Das Glück der Gesellschaft wird ebensosehr durch Torheit als durch Verbrechen und Laster gestört. (...) Die Schaubühne ist es, die der großen Klasse von Toren den Spiegel vorhält und die tausendfachen Formen derselben mit heilsamem Spott beschämt.

Die Intrige, die Wurm entwickelt und die Tragik des Stücks hervorruft, zeigt den "Plan" des Bösen; diese Entwicklung war nicht vom "Zufall" bestimmt. So mag auch die Zuspitzung des Konflikts zum Schaden für alle Beteiligten die Zuschauer empört haben und ihnen als Bürgern gezeigt haben, daß sie sich dem Ränkespiel des Hofes entgegenstellen sollten.

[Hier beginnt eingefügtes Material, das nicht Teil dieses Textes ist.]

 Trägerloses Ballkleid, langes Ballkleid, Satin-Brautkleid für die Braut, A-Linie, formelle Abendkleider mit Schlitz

Am besten gelungen ist Schiller meiner Meinung nach das Verständnis für die Handlungsweisen der Menschen aus ihrer persönlichen Geschichte heraus zu fördern. Das Paradebeispiel hierfür ist Lady Milford. Sie, die zunächst nur billige Geliebte des Herzogs zu sein scheint, entpuppt sich nach und nach als Frau, die im Konflikt zwischen ihrem Status bei Hofe, den sie in sozialer Not und aus Sehnsucht nach dem Glück ihrer Kindheit gewählt hat, und Ehrgefühl steht, die versucht hat, den Herzog zum Guten zu bewegen, aufgrund ihrer Position aber vieles an Unheil nicht realisieren und daraufhin verhindern konnte. Die Lady Milford begreift schließlich das System und die Schändlichkeit des Hofes und zieht die Konsequenz, ein ehrenhaftes, bürgerliches Leben zu führen. Da diesem Entwicklungsprozeß von Schiller viel Raum gegeben wird, nehme ich an, daß die Zuschauer die Persönlichkeit der Lady verstehen und erkennen konnten, daß zur Beurteilung einer Persönlichkeit die Kenntnis von deren Geschichte vonnöten ist.

Die Gerichtsbarkeit der Bühne fängt an, wo das Gebiet der weltlichen Gesetze sich endigt. (...) So gewiß sichtbare Darstellung mächtiger wirkt als toter Buchstab' und kalte Erzählung, so gewiß wirkt die Schaubühne tiefer und dauernder als Moral und Gesetze.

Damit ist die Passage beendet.